- _PROBLEM STATEMENT_: Print only the lines below from the one with "Mobilier de baie suspendat Elite, Alb Mat" to the one with "Cocktail Kit Hurricane", both included, exactly as they stand. Leave pictures out.

- _DATA SECTION_:
--

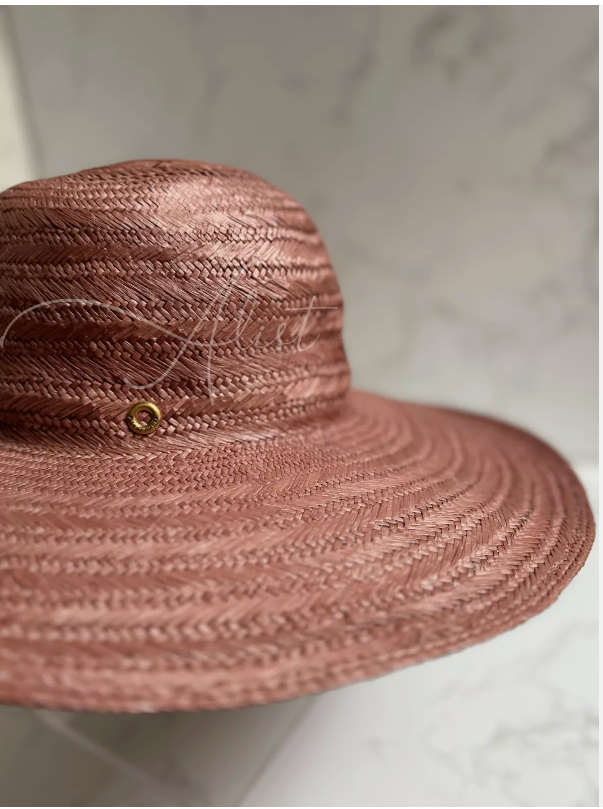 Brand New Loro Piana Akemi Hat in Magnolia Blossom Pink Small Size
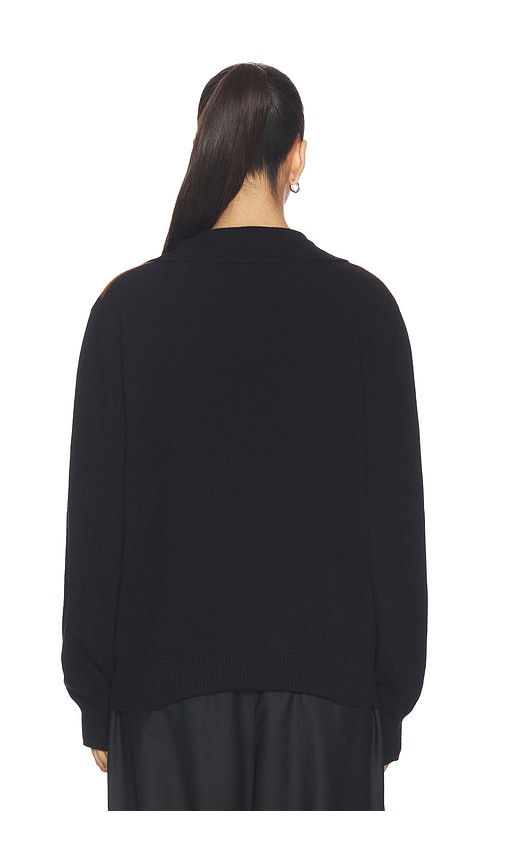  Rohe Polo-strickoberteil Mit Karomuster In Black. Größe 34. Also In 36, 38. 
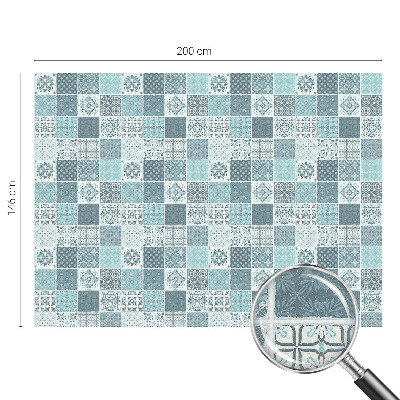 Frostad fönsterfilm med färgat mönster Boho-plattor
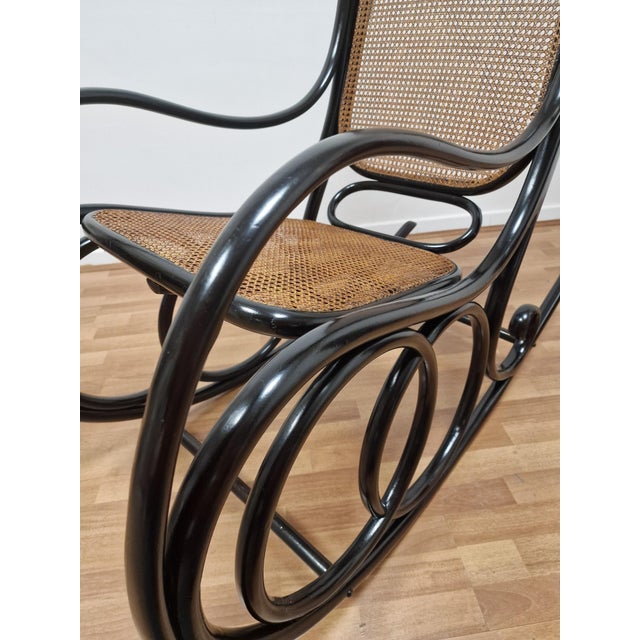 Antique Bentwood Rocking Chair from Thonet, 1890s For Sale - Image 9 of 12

--

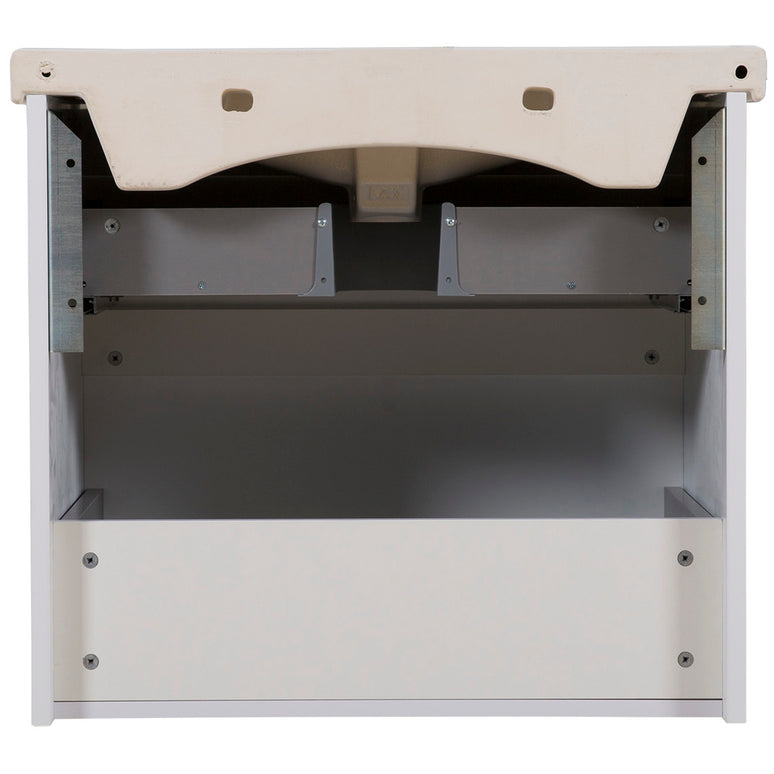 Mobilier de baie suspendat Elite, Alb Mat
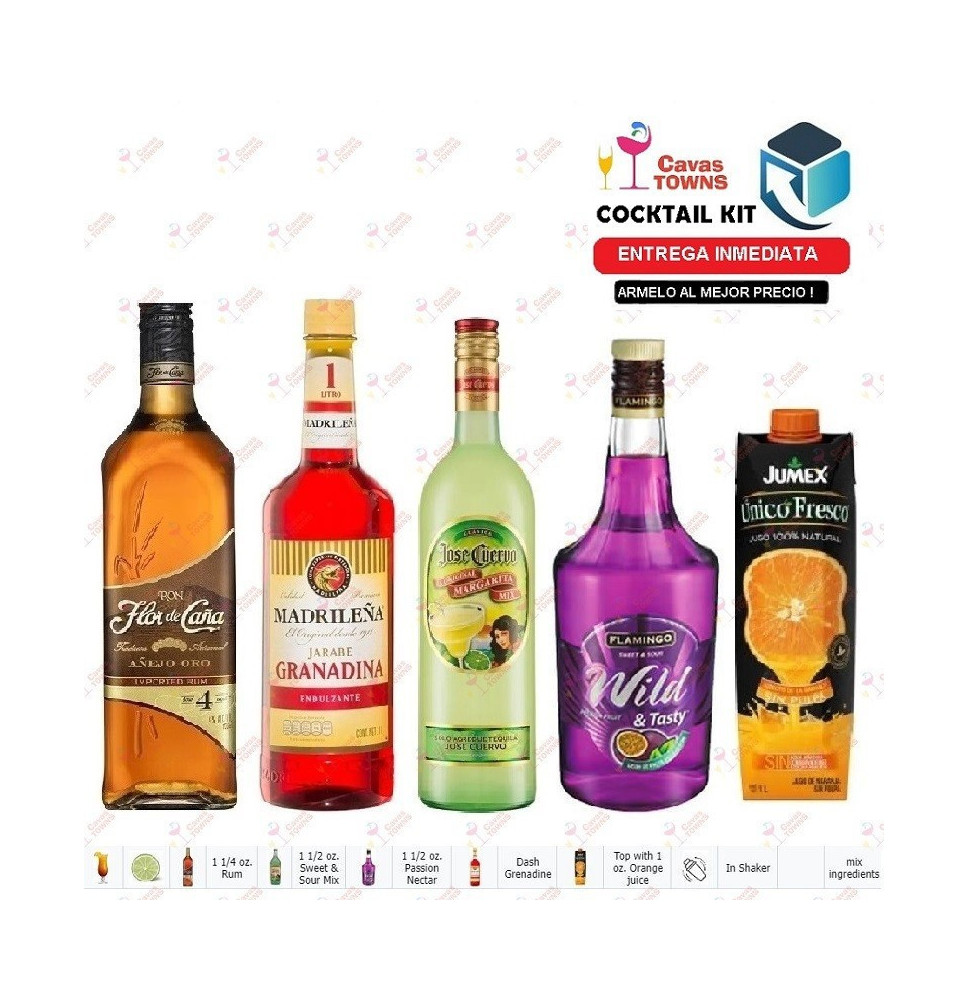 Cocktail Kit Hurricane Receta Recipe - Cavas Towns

--

- _WRITTEN RESPONSE_:
 Mobilier de baie suspendat Elite, Alb Mat
 Cocktail Kit Hurricane Receta Recipe - Cavas Towns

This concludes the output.